Indie Puzzle Review Strategy

Mini Motorways – Review | Road Puzzles On The Go

Starting from the Apple Arcade in September 2019, Mini Motorways has since traveled across platforms to PC (Windows, macOS) in July 2021 and later made its way to Nintendo Switch in May 2022. Hop onto the transportation planner’s seat in this indie strategy simulation game by Dinosaur Polo Club and command various road networks around the globe!

With an ESRB rating of Everyone, Mini Motorways has no notable content warnings. For the Switch version (release-10-patch-2) reviewed, there are a number of accessibility options offered under the game settings. Players may choose between Day and Night Modes, toggle the controller vibration tactile feedback on/off, select if they want to use single button press or a press and hold for drawing and deleting roads, change the controller cursor sensitivity, enable or disable the menu transition motions, or activate the Cplorblind Mode and customize their own set of six colors for the buildings. The game comes in 14 languages as well.

Roads Wrapped Around Your Mind

There is just one goal in Mini Motorways: design routes to connect the commuters to their corresponding destinations so that everyone can be kept constantly on the move for as long as your roads can hold them. No matter which of the 14 cities or 28 additional challenges you choose, the puzzle always starts out simple with one house and one destination of the same color located within a small, zoomed-in area of the 2D aerial map. Once a viable route is established, commuters will leave their house in a car to pick up pins at a linked destination, indicating their successful trips there. However, all commuters can only pick up pins from destinations that have the same color as their houses in this color-dependent puzzle game.
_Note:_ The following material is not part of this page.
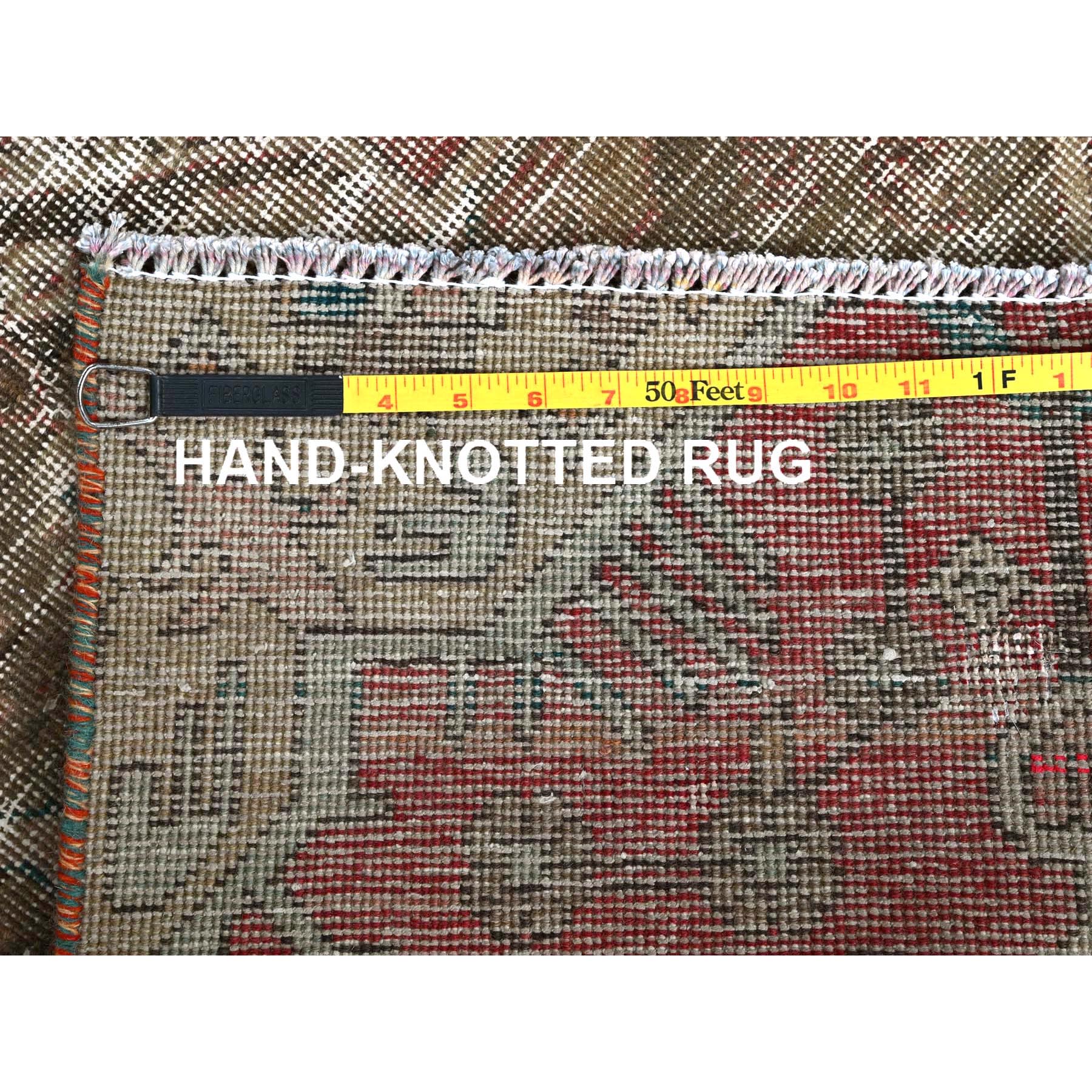 2'2"x9'9" Blush Red, Worn and Distressed, Shabby Chic, Vintage Northwest Persian with Geometric Pattern, Hand Knotted, 100% Wool, Sides and Ends Professionally Secured, Narrow Runner, Oriental Rug Sh795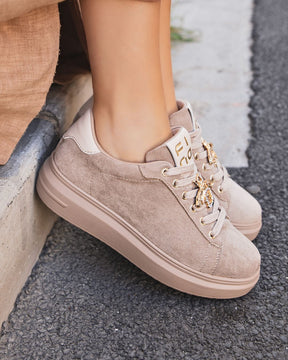 Zapatillas plataforma mujer beige con cordones - Éléna - Casualmode.es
As the in-game clock ticks on, moving through the days of a week, more houses and destinations of the same or new colors will pop up randomly on any unoccupied space on the map. It is your task to ensure every destination can be reached by the houses of their corresponding color, no matter how far they may be apart across the road, river, or mountain. At the end of each week, unless restricted by a specific challenge’s conditions, you may choose from two random sets of rewards comprising various resources (i.e. road tiles, traffic lights, roundabouts, motorways, bridges, and tunnels) for your coming week’s road building needs. If any one destination has not been visited in a timely manner for its accumulated pins to be picked up before they overflow, your city will shut down, resulting in a game over.

Like an engine that is just warming up, the beginning of every puzzle starts up relatively slow — even the maximum 2x speed feels slow for several city maps where I could spend my entire first in-game week simply watching two cars zooming to and fro along the same road — but gradually speeds up as the city becomes more and more populated. Without fail, every new destination appearing on the map demands a little more of my attention and soon, I find myself having to pause the clock every now and then to observe the map and think about how best to connect the roads. Do I spend most of my current supply of road tiles right away to build an exclusive pathway for a destination that showed up on Monday, or do I save them for new destinations that may appear later in the week? Do I remove a current bridge and link it to a new destination opposite the river bank, or do I try my luck and hold out until Sunday, all the while praying to the heavens that one of the random rewards will include the much-needed bridge or motorway? There are plenty of things to consider, from the resources you have at your disposal to the distinct terrains for a particular city and general limitations such as no multi-way bridges. Your solution for each map is going to be different every time. Less of a puzzle with fixed answers but more of a real-time strategy game, Mini Motorways skilfully combines problem-solving with ever-dynamic game conditions to create highly focused and addictive sessions.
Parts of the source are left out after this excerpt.